Question

on what intervals is the function f(x)=x^8−8x^7 both decreasing and concave up

Answer 1

Where do the extrema occur (i.e. where are the minimums and maximums)?
$$
\large{
f(x)=x^8−8x^7\\
f'(x)=8x^7-56x^6=0\\
=x^6(8x-56)=0\\
\implies x=0,x=\cfrac{56}{8}=7
}
$$
So they occur when \(x=0\) and \(x=7\).
To check if these are maximums or minimums, take the 2nd derivative:
$$
f''(x)=56x^6-336x^5\\
$$
Which is positive when \(56x^6-336x^5>0\) or \(56x^5((x-6)>0\) or \(x>6\).

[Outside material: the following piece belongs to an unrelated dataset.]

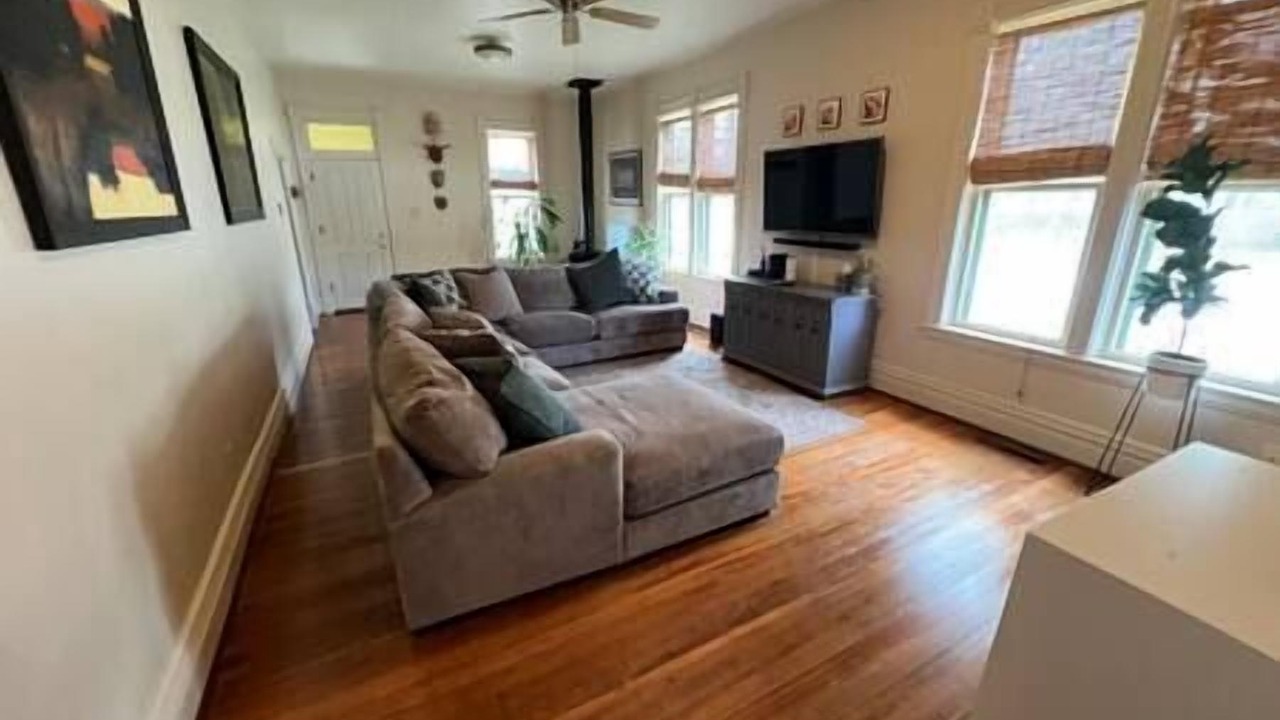 Photo of Livingroom in Hamilton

So when \(x>6\), the function, \(f(x)\) is increasing and when it is less than this, it is decreasing. Therefore, \(f(7)\) is a minimum, since \(x=7>6\). Similarly, \(f(0)\) is a maximum, since \(x=0<6\).

But we need to know the interval where the function is decreasing and concave up. We know that \(f(x)\) is decreasing when \(0<x<7\) and is concave up when \(f''(x) > 0\), which occurs when \(x> 6\).

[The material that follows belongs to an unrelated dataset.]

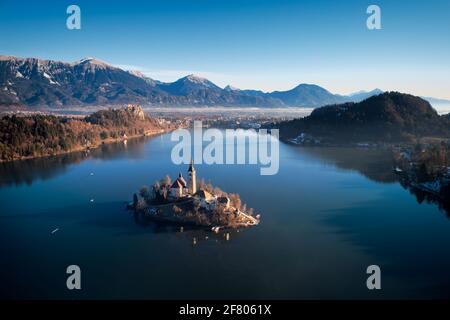Lac de Bled, Slovénie - magnifique photo de Drone alpin Banque D'Images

\(\qquad \bf \text{Therefore, the interval we seek is \(6 < x < 7\)}\).

Note that f(0) is really a saddle point and not a real maximum and f(7) is a global minimum with value \(f(7)=-823,543\)

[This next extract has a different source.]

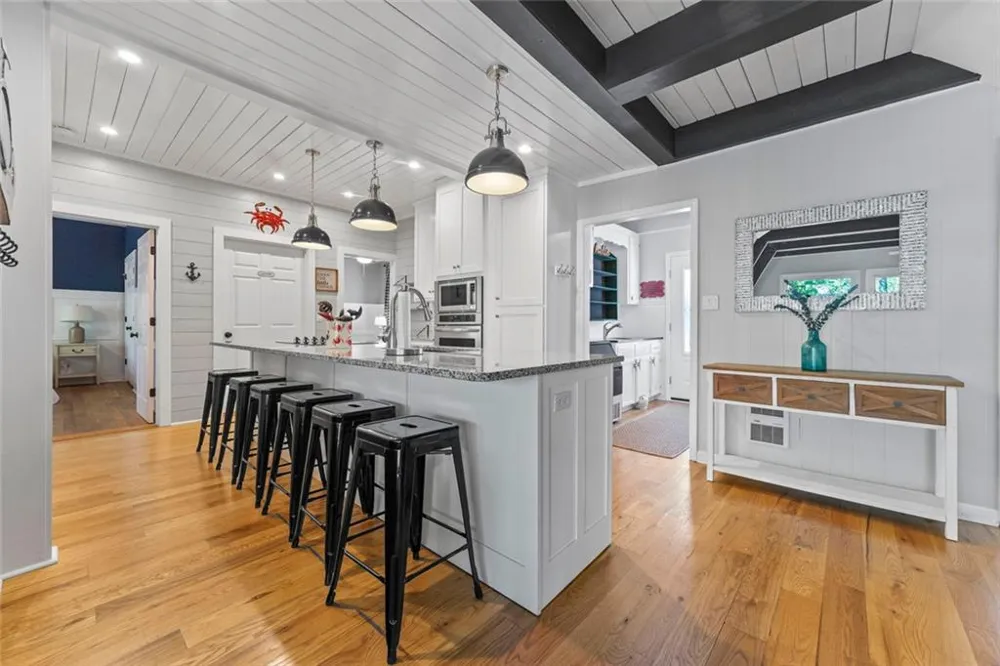 1047 Tranquility Lane Hartwell, GA 30643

Here is a chart that confirms some of these observations:
http://www.wolframalpha.com/input/?i=x^8%E2%88%928x^7+

Answer 2

*I should have said that the second derivative at f(0) was inconclusive (because f''(0)=0), and so could not be a maximum. But we know that at \(0<x<7\), f(x) is decreasing because \(f''(x)<0\) there, which is the information we need for this problem.